Exploring alternatives
I worked through several established frameworks before settling on a recommendation.
UMUX and UMUX-Lite are shorter alternatives to SUS with two items rather than SUS's ten. They are validated to correlate strongly with SUS scores. UMUX-Lite in particular covers "the service's features meet my needs" and "this service is easy to use," which maps cleanly to what we care about without the overhead of the full SUS questionnaire.
SUPR-Q (Standardised User Experience Percentile Rank Questionnaire) is more holistic — it covers usability, trust, loyalty, and appearance. More useful in some ways, but heavier, and includes items that aren't relevant to a data service such as GIAS (loyalty, for instance).
User Experience Questionnaire (UEQ) is comprehensive but long. Too long for what we need, and some dimensions (novelty, stimulation) have limited relevance here.
NASA Task Load Index (TLX) measures cognitive load specifically. Interesting for certain task types - particularly complex or multi-step tasks — but not a general service baseline.
HEART framework (Google) is designed around product metrics: Happiness, Engagement, Adoption, Retention, Task success. Useful for ongoing product measurement, but it's behavioural and analytics-based rather than questionnaire-based. Good for later-stage measurement, less suited to an Alpha baseline.
Single Ease Question (SEQ) is a single-item rating per task: "How difficult or easy was it to perform this task?" on a 7-point scale. Minimal overhead, well validated, and gives a task-level signal without adding significant burden to a research session.
What we actually need to measure
Working through the alternatives clarified the real question: what does "success" look like for GIAS, and therefore what do we need to track?
Four things stood out:
- Clarity of service. Do users understand what GIAS is and what it's for?
- Search success. Can users find what they're looking for?
- Confidence and trust in the data. Do users believe what they see is accurate, current, and authoritative?
- Perception of the service overall. Does it feel like a credible, professional service?
No single framework covers all of this. The answer is a lightweight combination.
The framework we landed on
Task performance + Single Ease Question for each defined task. Four tasks were identified:
- Identify a specific establishment's UKPRN and when their data was last changed or confirmed
- Find all secondary schools in a specified city
- For a specified school, find the name of the governor whose term is ending soonest
- Download the links for all open children's centres
After each task, participants rate difficulty on the SEQ 7-point scale (very difficult > very easy). This gives us completion rate, time on task, error rate, and perceived difficulty, all at task level.
UMUX-Lite for overall usability:
- "The service's features meet my needs" (1-7 scale)
- "This service is easy to use" (1–7 scale)

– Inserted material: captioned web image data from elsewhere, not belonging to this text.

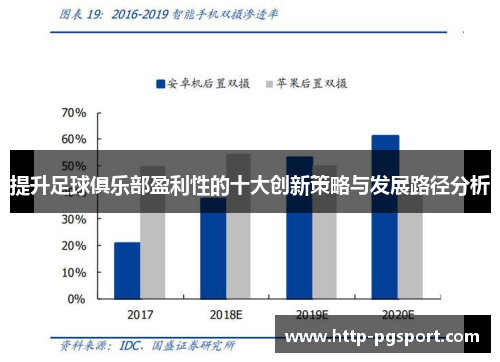 提升足球俱乐部盈利性的十大创新策略与发展路径分析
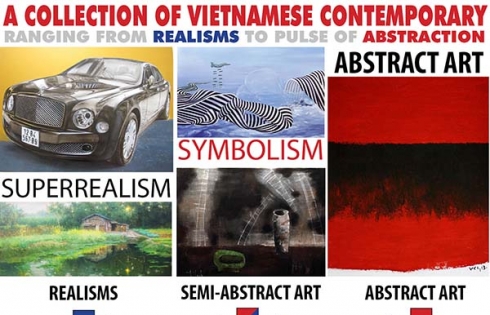Trưng bày Bộ sưu tập tranh đương đại Việt Nam
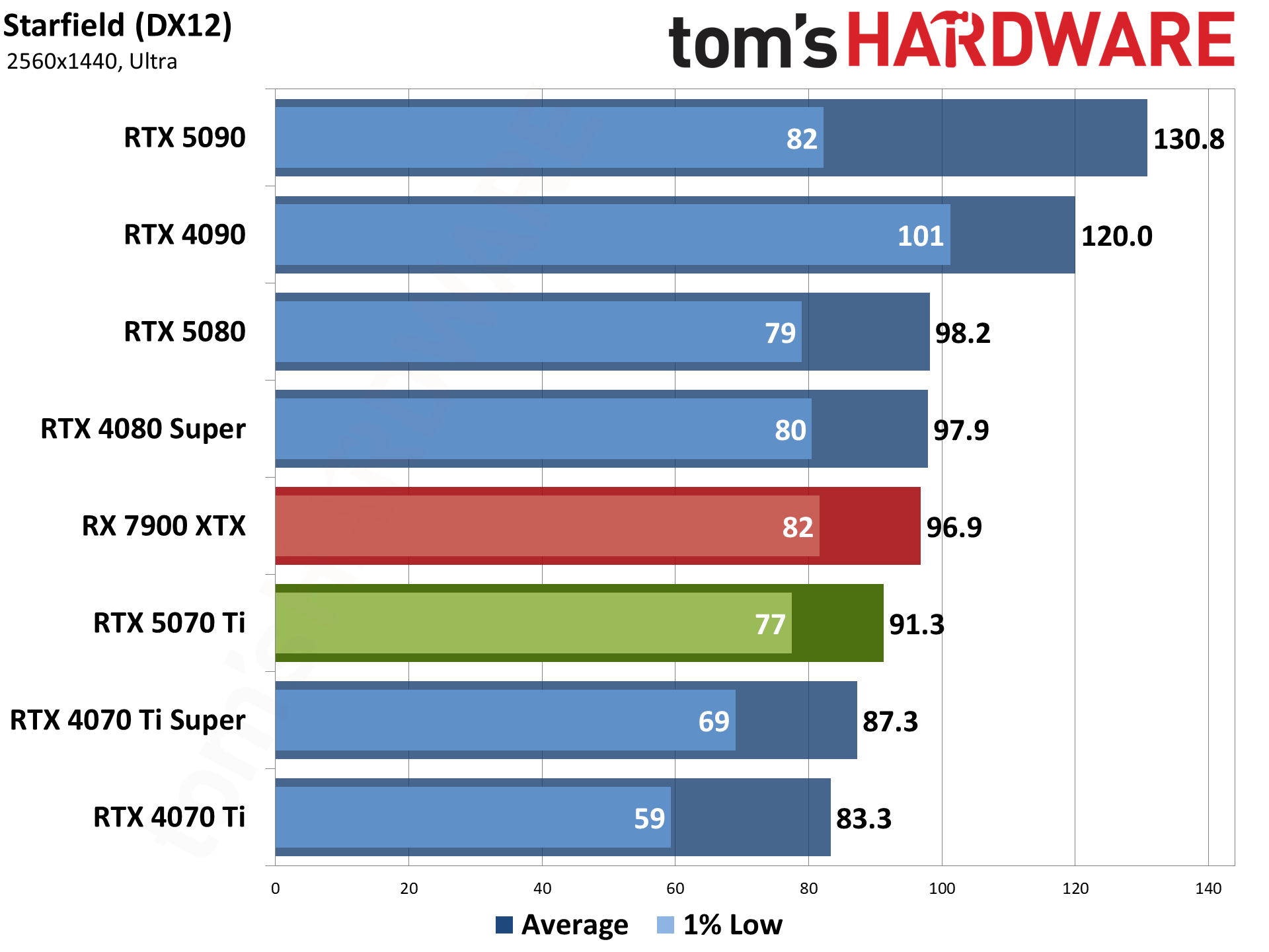 Nvidia GeForce RTX 5070 Ti / Asus RTX 5070 Ti Prime performance charts.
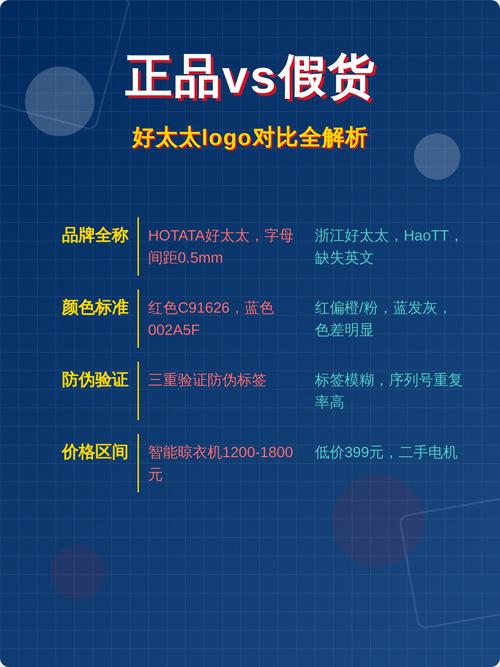 四家品牌拆开看,差距真不是一点点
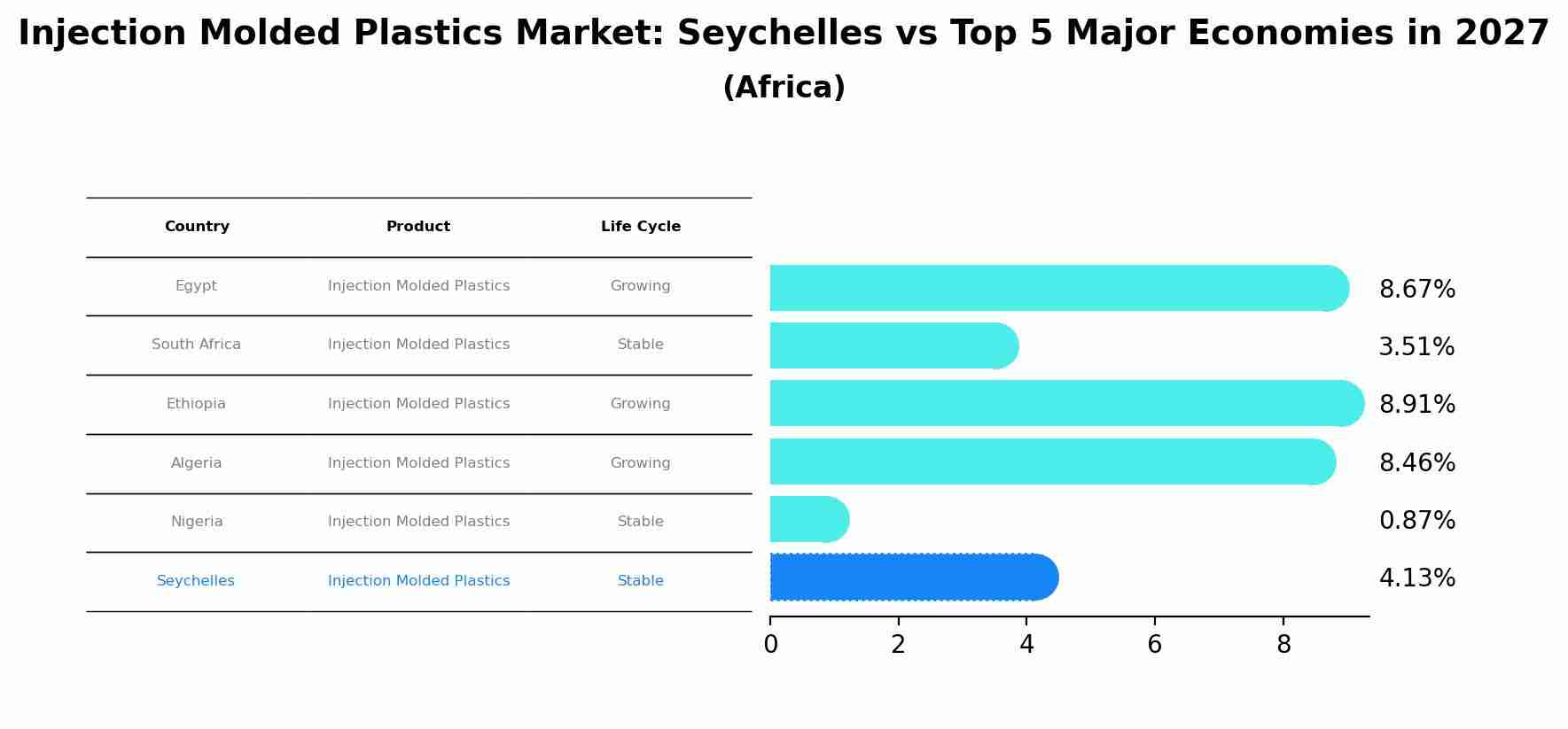 Injection Molded Plastics Market: Seychelles vs Top 5 Major Economies in 2027 (Africa)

A custom trust baseline, drawing on the Trust in Technology model:
- I believe the information on GIAS is accurate
- I believe the information on GIAS is up-to-date
- GIAS is the authoritative source for establishment information
- I would rely on information from GIAS to make decisions
- It is clear where the information on GIAS comes from and who is responsible for it
- If I found incorrect information I would know how to report it
All trust items use the same 1–7 (strongly disagree > strongly agree) scale.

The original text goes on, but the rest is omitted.